● **DATA EXTRACT**
★ ★ ★

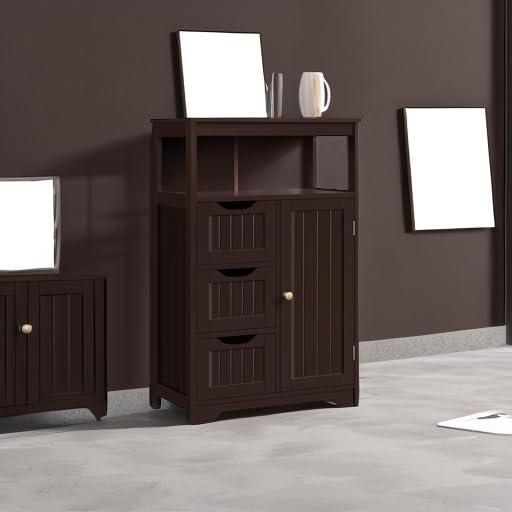 Espresso MDF Bathroom Floor Cabinet with Adjustable Shelving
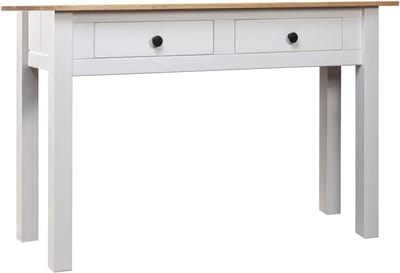 Houten Wandtafel met 2 Lades - Massief Grenenhout in Wit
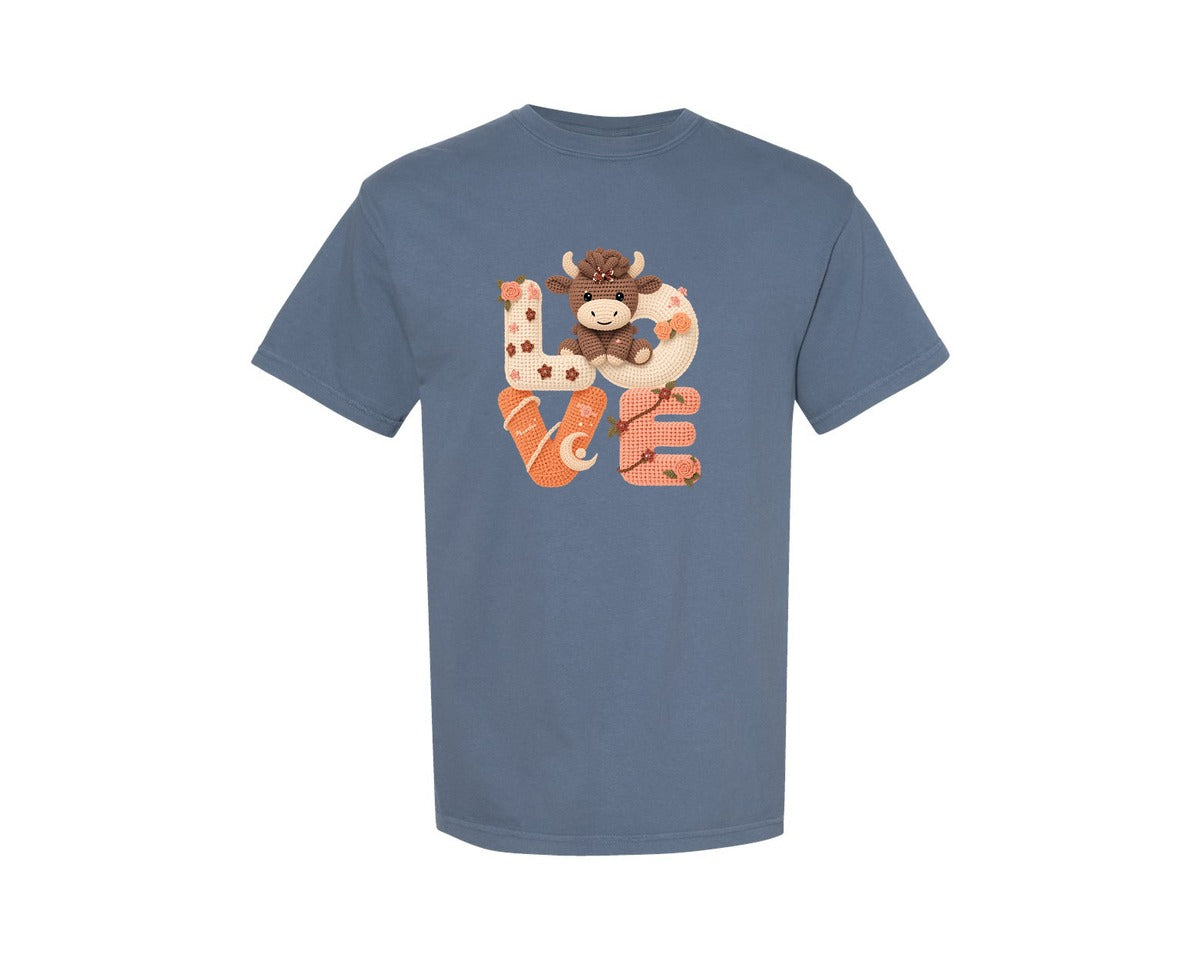 brand:Comfort Colors|color:Blue Jean|Highland Cow Valentines Day 2 Graphic T-Shirt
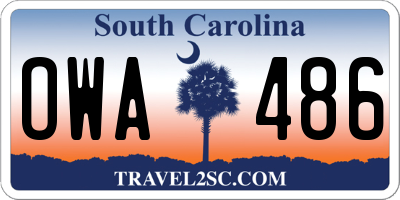 SC license plate OWA486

★ ★ ★

Transcribe all of the data above exactly; no picture belongs in the copy.

 Espresso MDF Bathroom Floor Cabinet with Adjustable Shelving
 Houten Wandtafel met 2 Lades - Massief Grenenhout in Wit
 brand:Comfort Colors|color:Blue Jean|Highland Cow Valentines Day 2 Graphic T-Shirt
 SC license plate OWA486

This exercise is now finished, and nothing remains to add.